- [DESCRIPTION OF THE TASK]: From the data underneath, reproduce exactly the stretch that begins at the line with "Then I talk" and ends after the line with "Hey! Welcome to".

- [EXERCISE DATA]:

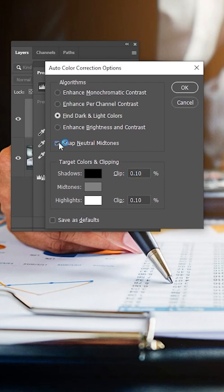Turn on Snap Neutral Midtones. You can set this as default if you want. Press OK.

==

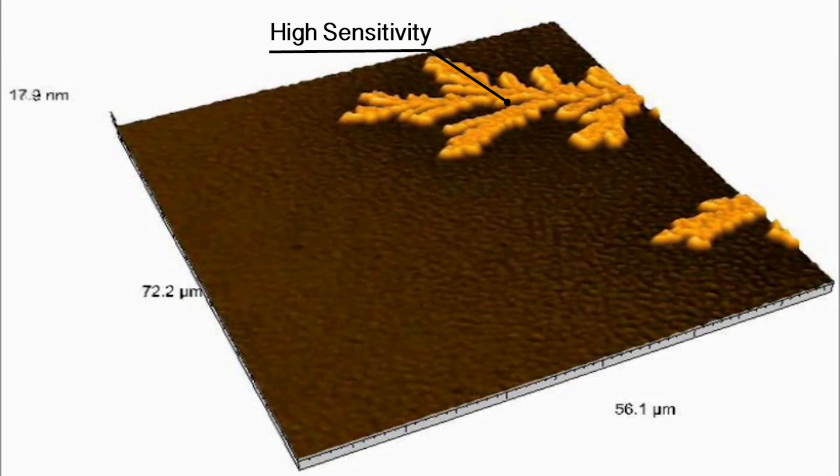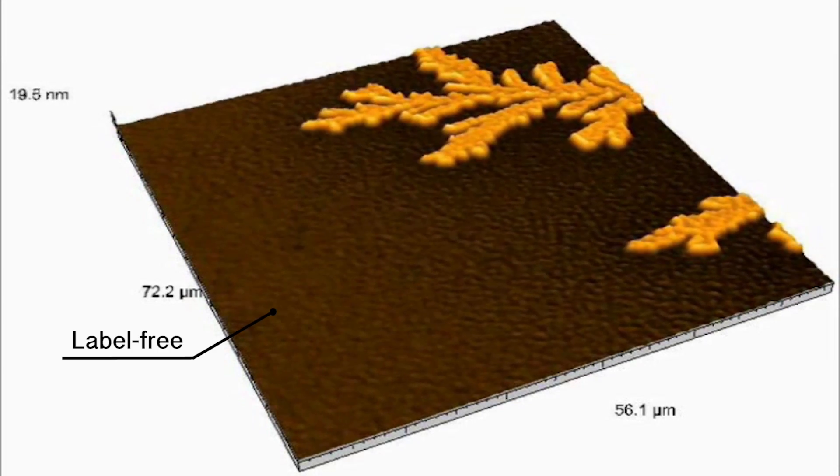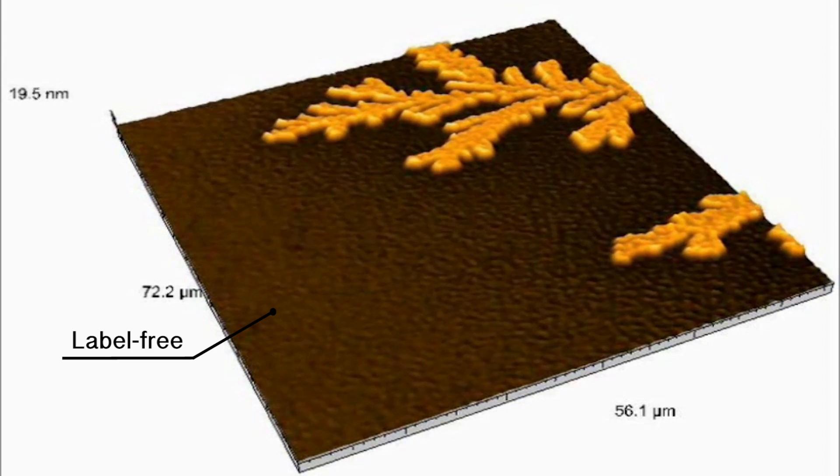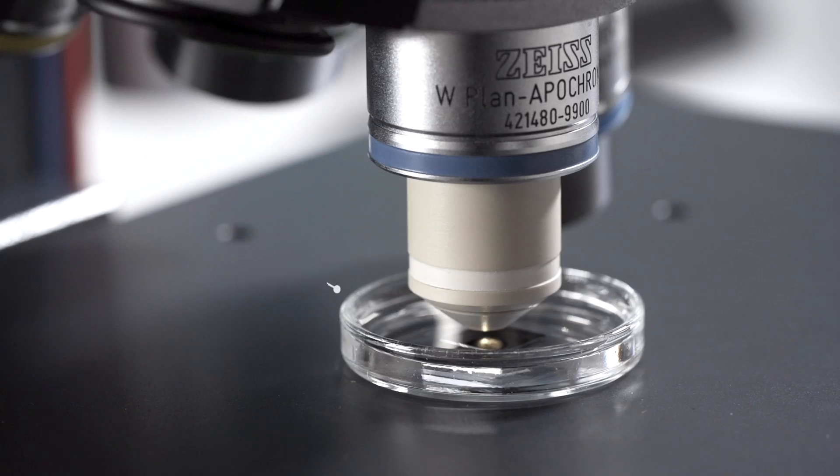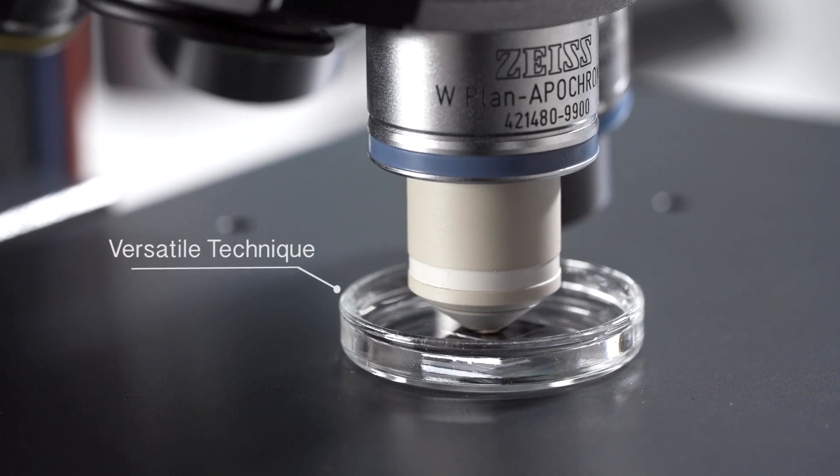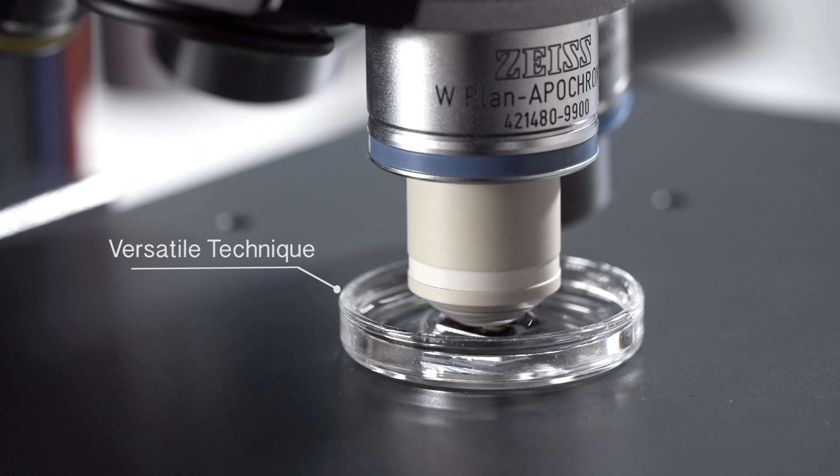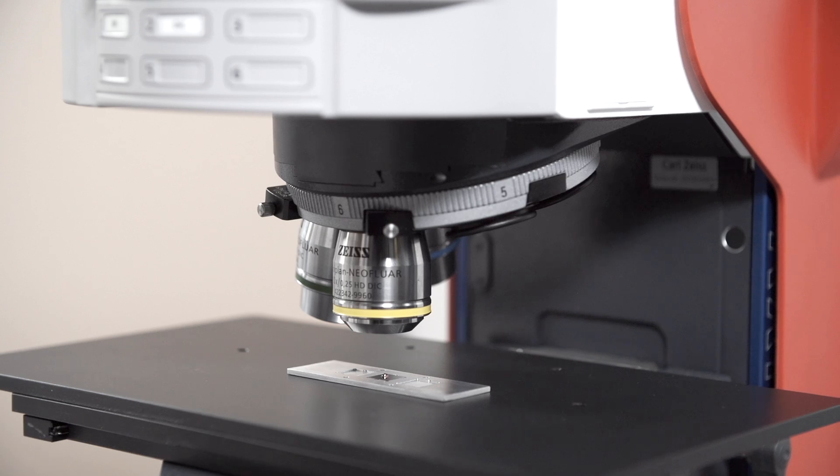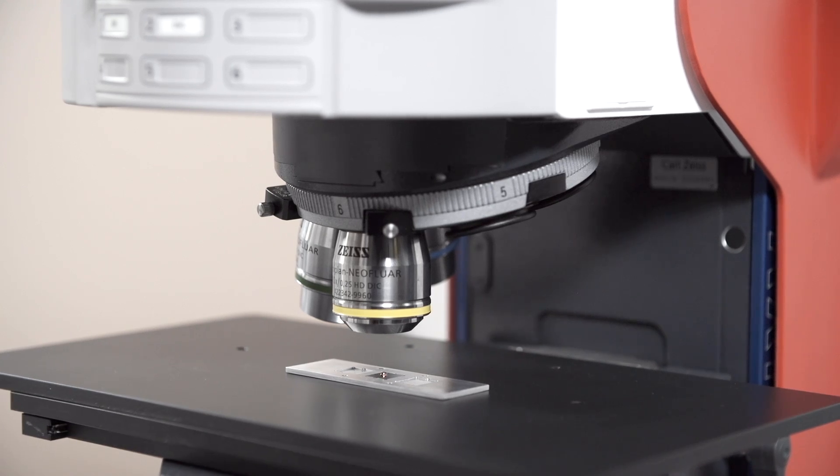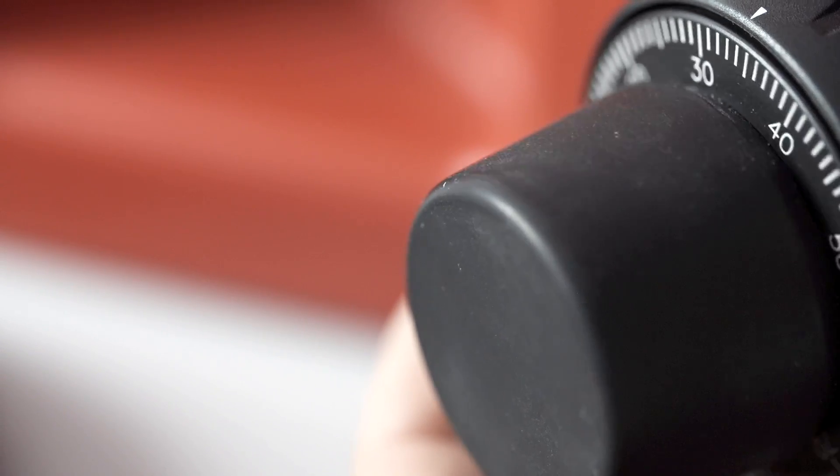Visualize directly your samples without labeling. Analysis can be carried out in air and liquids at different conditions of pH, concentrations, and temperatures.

* * *

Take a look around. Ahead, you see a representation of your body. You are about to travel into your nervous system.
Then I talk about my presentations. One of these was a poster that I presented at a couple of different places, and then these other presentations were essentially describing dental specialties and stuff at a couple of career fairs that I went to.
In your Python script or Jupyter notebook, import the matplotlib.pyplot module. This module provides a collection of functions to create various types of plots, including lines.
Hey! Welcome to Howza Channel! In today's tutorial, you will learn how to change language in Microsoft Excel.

- [YOUR RESPONSE]:
Then I talk about my presentations. One of these was a poster that I presented at a couple of different places, and then these other presentations were essentially describing dental specialties and stuff at a couple of career fairs that I went to.
In your Python script or Jupyter notebook, import the matplotlib.pyplot module. This module provides a collection of functions to create various types of plots, including lines.
Hey! Welcome to Howza Channel! In today's tutorial, you will learn how to change language in Microsoft Excel.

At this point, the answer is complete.